Bloomberg stock photo
This is the best stock photo I could find, lest I get in trouble for using my own — multiply the screens here x 3 (yup!), add a bunch of coffee cups, unhealthy snacks, a general mess and you have a pretty good idea of what my desk was like for over a decade!

F or as long as I can remember, my dream growing up was to get into a top tier university, and specifically Stanford University. I daydreamed about Palo Alto and University Avenue and often found myself lost in thought about campus life, dorms, all-nighters at the library and heated debates about the real meaning of life. All of this in an environment where I would be surrounded by some of the most inspiring, hard-working and accomplished students from around the world. So when I actually got in, suffice to say I wanted to do it right.

Those all nighters I fantasised about were more brutal in real life, but I did them anyway. I diligently attended career fairs and told myself that working through internships, sweating over problem sets and exams would all be worth it to achieve my “dreams”. In 2007, at 21, I graduated from Stanford University bright-eyed, bushy-tailed, but somewhat unsure about what exactly my dreams were. My hard work and a lot of luck landed me a top-tier finance job, on a trading floor. Getting a job at an investment bank right after graduating was a blissful validation of my existence – here I was largely surrounded by people who went to similarly elite schools, came from privileged backgrounds and to top it all, I was being paid a six figure salary in my early 20s. Through my career, I have worked both at bulge bracket investment banks and also as a trader at a top tier hedge fund.

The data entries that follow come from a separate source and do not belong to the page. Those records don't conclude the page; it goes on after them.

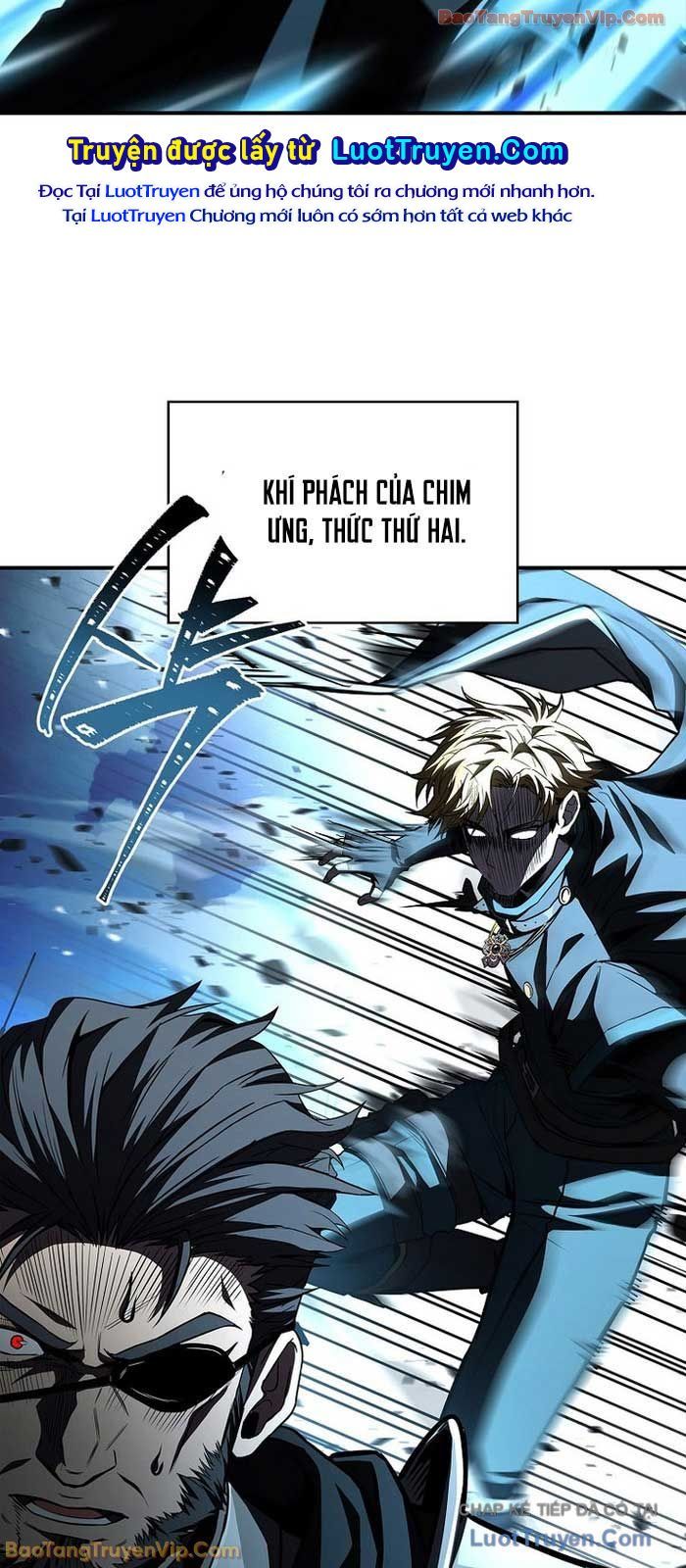 Thiên Tài Ma Pháp Sư Giấu Nghề Chapter 118 - 84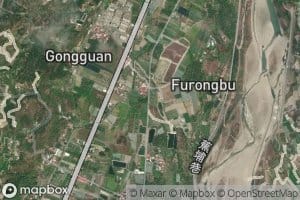 Yuantan Nongchang Zhixian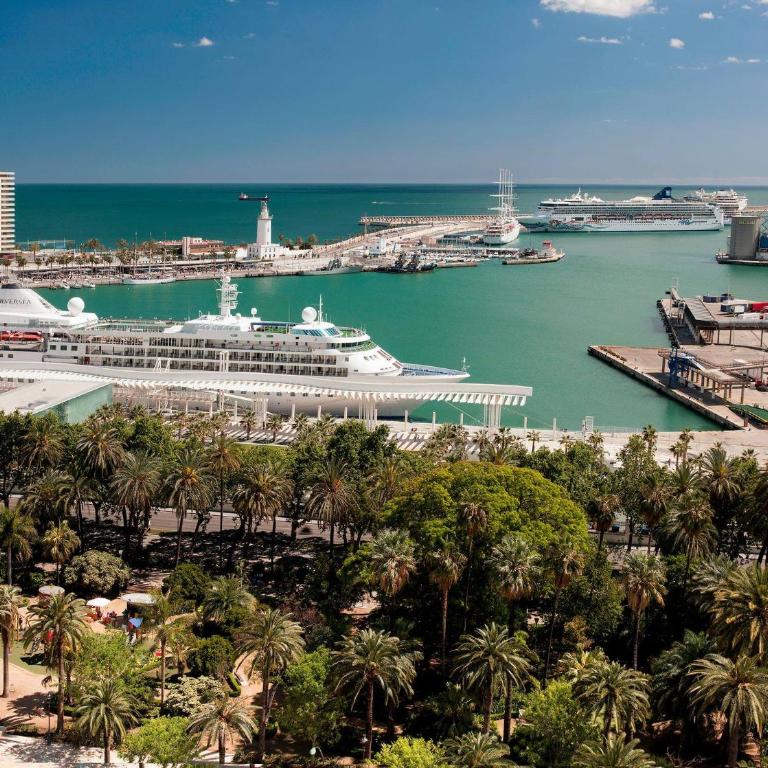 Apartamento Los tres soles - Apartamento con vistas al mar - 40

With no personal space and everyone around you being able to read everything on your screens at any time, it takes true desperation and nerves of steel to Google “why do I never poo on weekdays?”

Early on in my career, when I confused the ‘bid’ and ‘offer’ of a product in a fast-moving market I got asked by a trader, not even rhetorically, if I was “fucking stupid?” (In trader speak, the bid is where you buy any security and the offer is where you sell it). My untrained financial faculties had genuinely offended him. I could almost see him doing a mental calculation of what the ‘cost of time’ spent talking to me was.

Few work environments are as mercenary as a trading floor. With no personal space and everyone around you being able to read everything on your screens at any time, it takes true desperation and nerves of steel to Google “why do I never poo on weekdays?”

It wasn’t all bad though. Developing a skin as thick as blubber can only be good training for the dog eat dog world we live in, right? Words like ‘meritocracy’ and ‘egalitarian’ echo in the hallways and are repeated in quarterly town hall forums making it easy to believe that even in a capitalist world, the world of finance was the most capitalist of them all – a place where you supposedly get rewarded solely for your hard work, intellect and capacity for grit. If this wasn’t a life well spent, then what was? All my moving around growing up, late nights spent studying, weekends dedicated to extracurricular activities and a technical degree from Stanford finally made sense; disparate pieces of the puzzle that fit together perfectly here.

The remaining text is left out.